Grasping his hand before it reached the errant lock she felt a familiar chill reach up her spine, dragging with it an acidic bile that threatened to rush into her mouth. “A collective? The drones you showed me earlier?”

“Of free people Rana! A new family to inherit these memories before they disappear completely.” Brynn took a step back as the vines continued to wither around them. “They would inherit a million voices.” The yellow vines turning black as the hull of the Sphere came into existence, bringing the pair back to the bay of drones, their unconscious faces waiting expectantly.

“The others agree?” Rana reached out with her mind, pushing against the chilly wall of Brynn’s mind.

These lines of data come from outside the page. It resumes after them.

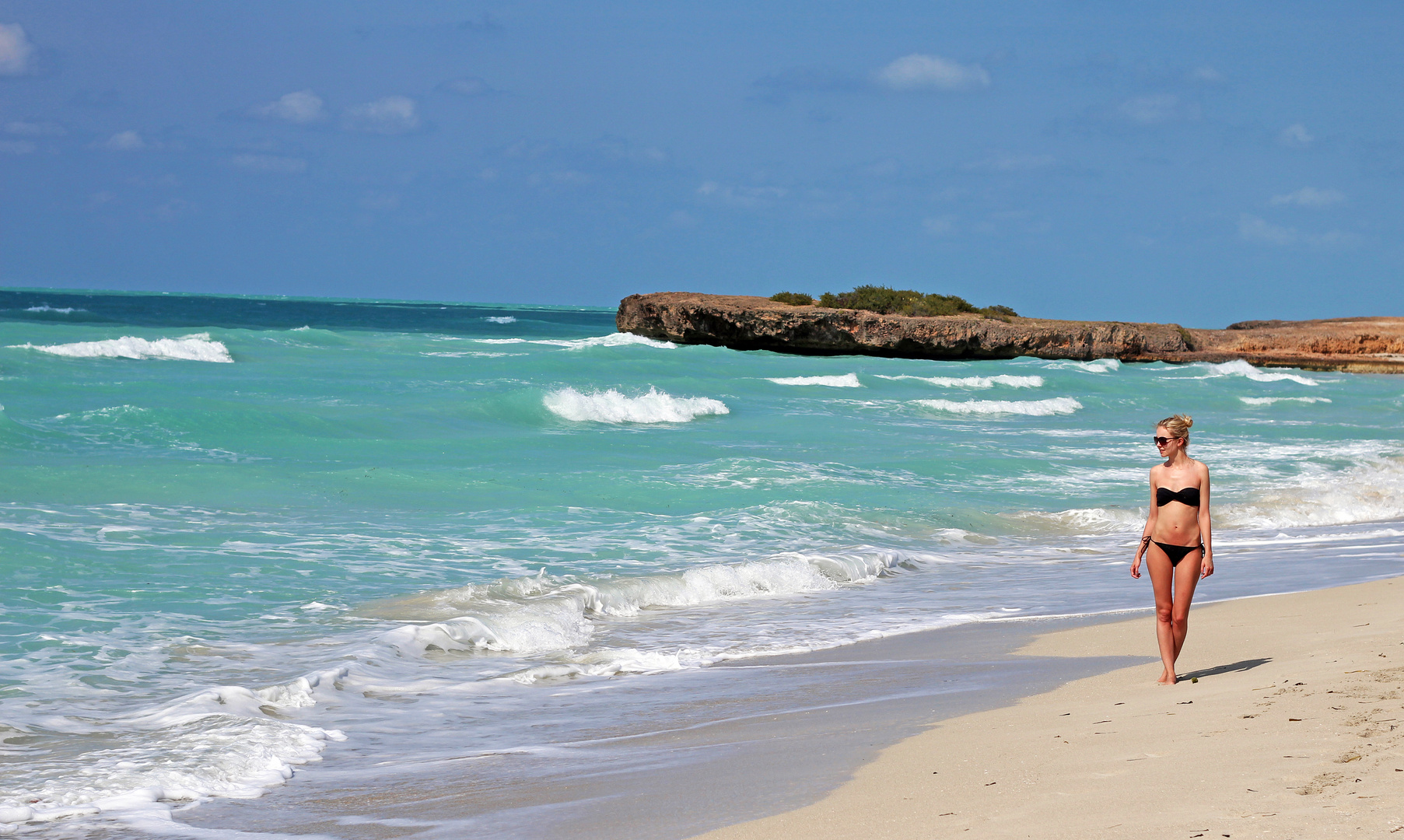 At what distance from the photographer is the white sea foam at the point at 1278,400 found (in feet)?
97.5

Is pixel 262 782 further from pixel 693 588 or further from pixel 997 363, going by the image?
pixel 997 363

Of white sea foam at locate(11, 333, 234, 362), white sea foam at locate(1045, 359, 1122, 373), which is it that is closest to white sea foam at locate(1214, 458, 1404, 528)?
white sea foam at locate(1045, 359, 1122, 373)

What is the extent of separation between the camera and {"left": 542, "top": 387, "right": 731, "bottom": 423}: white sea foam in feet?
66.9

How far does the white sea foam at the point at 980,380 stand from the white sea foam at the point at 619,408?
12536 millimetres

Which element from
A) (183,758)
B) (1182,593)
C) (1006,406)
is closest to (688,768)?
(183,758)

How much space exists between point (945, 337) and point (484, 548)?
123 ft

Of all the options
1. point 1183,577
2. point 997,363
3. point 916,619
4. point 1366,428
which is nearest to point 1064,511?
point 916,619

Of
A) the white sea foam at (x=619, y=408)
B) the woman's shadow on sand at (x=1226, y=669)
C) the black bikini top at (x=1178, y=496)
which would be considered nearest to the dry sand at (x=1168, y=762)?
the woman's shadow on sand at (x=1226, y=669)

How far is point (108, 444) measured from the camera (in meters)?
14.0

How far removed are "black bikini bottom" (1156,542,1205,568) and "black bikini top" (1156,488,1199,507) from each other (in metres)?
0.20

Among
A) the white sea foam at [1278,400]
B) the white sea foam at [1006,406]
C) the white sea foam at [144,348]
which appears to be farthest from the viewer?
the white sea foam at [1278,400]

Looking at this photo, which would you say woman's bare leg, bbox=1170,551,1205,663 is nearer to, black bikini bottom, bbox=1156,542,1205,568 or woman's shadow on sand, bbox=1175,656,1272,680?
black bikini bottom, bbox=1156,542,1205,568

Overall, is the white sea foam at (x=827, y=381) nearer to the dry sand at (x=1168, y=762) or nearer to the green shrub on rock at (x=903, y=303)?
the green shrub on rock at (x=903, y=303)

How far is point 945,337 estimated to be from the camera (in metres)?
44.5
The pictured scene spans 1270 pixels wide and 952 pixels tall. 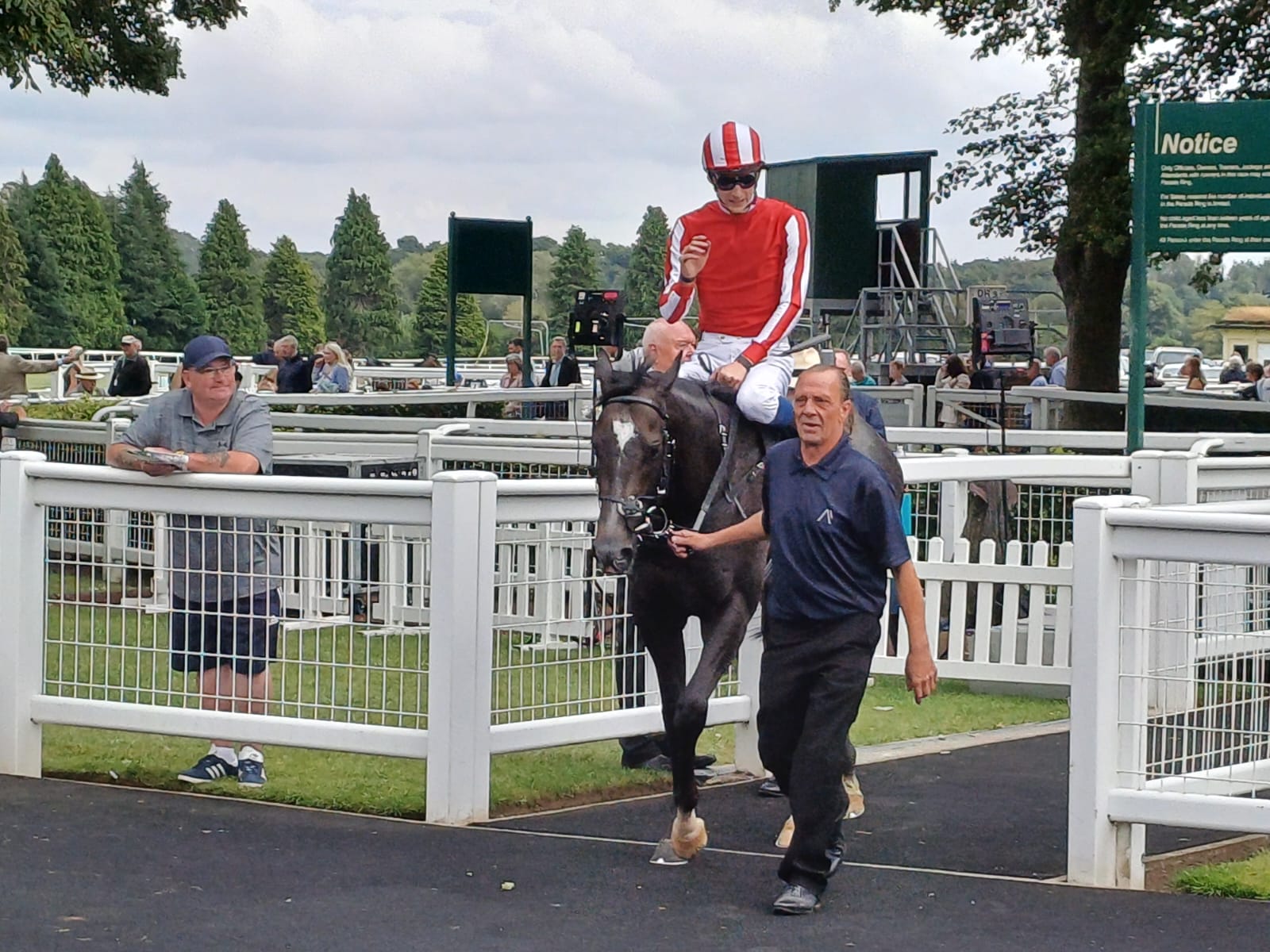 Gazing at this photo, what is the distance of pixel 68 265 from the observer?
87562mm

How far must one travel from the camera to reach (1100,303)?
29000 mm

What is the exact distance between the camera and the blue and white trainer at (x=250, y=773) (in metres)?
8.20

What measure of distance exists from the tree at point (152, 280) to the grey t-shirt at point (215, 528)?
86.1 m

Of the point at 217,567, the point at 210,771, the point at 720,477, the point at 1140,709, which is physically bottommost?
the point at 210,771

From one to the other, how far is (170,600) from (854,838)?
2.95 metres

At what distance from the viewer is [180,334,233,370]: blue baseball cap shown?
822cm

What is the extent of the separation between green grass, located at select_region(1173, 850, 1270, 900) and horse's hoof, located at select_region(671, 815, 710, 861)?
1675mm

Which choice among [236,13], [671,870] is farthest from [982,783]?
[236,13]

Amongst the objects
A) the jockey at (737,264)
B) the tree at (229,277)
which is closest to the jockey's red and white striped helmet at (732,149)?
the jockey at (737,264)

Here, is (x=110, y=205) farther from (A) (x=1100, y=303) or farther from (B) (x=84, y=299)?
(A) (x=1100, y=303)

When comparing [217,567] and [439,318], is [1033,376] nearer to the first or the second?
[217,567]

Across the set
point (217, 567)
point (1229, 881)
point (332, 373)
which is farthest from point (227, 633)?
point (332, 373)

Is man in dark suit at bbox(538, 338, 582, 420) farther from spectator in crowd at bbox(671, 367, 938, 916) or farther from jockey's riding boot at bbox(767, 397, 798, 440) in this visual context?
spectator in crowd at bbox(671, 367, 938, 916)

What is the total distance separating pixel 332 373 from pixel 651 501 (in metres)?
22.5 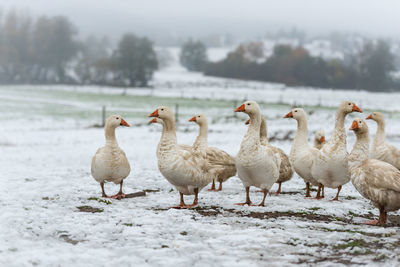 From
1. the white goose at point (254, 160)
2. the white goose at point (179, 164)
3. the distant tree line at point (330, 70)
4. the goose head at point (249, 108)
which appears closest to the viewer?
the white goose at point (179, 164)

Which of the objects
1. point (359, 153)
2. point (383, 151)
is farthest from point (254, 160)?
point (383, 151)

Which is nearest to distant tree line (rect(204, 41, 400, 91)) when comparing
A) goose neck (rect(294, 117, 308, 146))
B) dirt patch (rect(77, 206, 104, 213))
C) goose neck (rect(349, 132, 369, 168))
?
goose neck (rect(294, 117, 308, 146))

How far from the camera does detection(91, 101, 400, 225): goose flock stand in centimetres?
730

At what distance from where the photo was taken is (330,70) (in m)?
84.6

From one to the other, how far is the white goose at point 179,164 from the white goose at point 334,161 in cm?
238

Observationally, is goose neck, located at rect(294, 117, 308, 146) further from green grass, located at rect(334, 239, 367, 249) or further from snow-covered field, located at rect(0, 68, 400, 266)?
green grass, located at rect(334, 239, 367, 249)

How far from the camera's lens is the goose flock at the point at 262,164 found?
7.30 metres

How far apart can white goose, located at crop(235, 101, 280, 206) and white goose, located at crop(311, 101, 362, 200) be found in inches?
42.8

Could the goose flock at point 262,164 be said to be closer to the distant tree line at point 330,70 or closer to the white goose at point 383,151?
the white goose at point 383,151

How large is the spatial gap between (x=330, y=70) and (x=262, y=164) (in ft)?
266

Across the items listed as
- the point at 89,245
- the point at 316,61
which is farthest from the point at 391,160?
the point at 316,61

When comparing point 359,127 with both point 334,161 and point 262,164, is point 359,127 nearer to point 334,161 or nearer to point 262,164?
point 334,161

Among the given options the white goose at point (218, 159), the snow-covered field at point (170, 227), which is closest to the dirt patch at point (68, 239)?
the snow-covered field at point (170, 227)

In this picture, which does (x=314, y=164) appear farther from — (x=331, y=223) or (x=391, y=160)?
(x=391, y=160)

“They are content to let the Unimatrix die.” Rana heard the faint voices of a cacophony of voices from beyond the bulkheads. They shouted about free-will, cawing at the violation of the hive mind that stole their identities and supressed their voice beneath the deluge. They squawked about relics of the past and a desire to pass on, to take their painful memories with them into an unknown beyond. They whispered in fear of a renewed collective that spread like a fungus, its spores carried upon solar winds. Then a single voice, Brynn, vowing to find a way to survive.

“It’s not me that you want is it? It’s my neural infrastructure.” 

“A willing, conscious mind would make things a great deal easier.” Brynn confessed. “But I am not above taking you by force for the greater good of the Unimatrix. You will be convinced. Eventually.” His gentle demeanour was lost, stolen by the chill wind that now whipped between the bulkheads. 

“I am still aboard Daedalus.” Rana eyed the man, she had faith that Tanek would not let her body be taken from the ship. 

“Not any longer.” Brynn motioned behind him, to a table bathed in green light, a wide array of machines and tools hung menacingly above the form of a dark haired woman. Rana’s breath caught in her throat as she saw her body inhale as her mind did. 

Brynn tilted his head to the side like a bird and Rana briefly glimpsed another being who had had the same affectation, decades ago and lightyears away. She followed his eyeline to see a the bulkhead fade into a mist, revealing her crewmates working in a nearby bay, surrounding a tall pulsing green beacon suspended by thick webs of cable to the walls and ceiling. “The choice is taken out of our hands. They seek to destroy the beacon. They seek to destroy the Unimatrix.”

Rana heard a deep hum begin to resonate throughout the vessel, vibrating the deck plates beneath her feet and shaking the walls. As energy began to rush through the conduits, the dampening field dissipated as the transwarp coil once again felt the kiss of galaxy bending power begin to whirl through its metallic veins. As subspace began to fold around the vessel Rana heard a whisper, barely audible on the edge of hearing. The voice of Aramook touched Rana’s ears before she was stolen away into the stars.  “Brynn has lied to us.”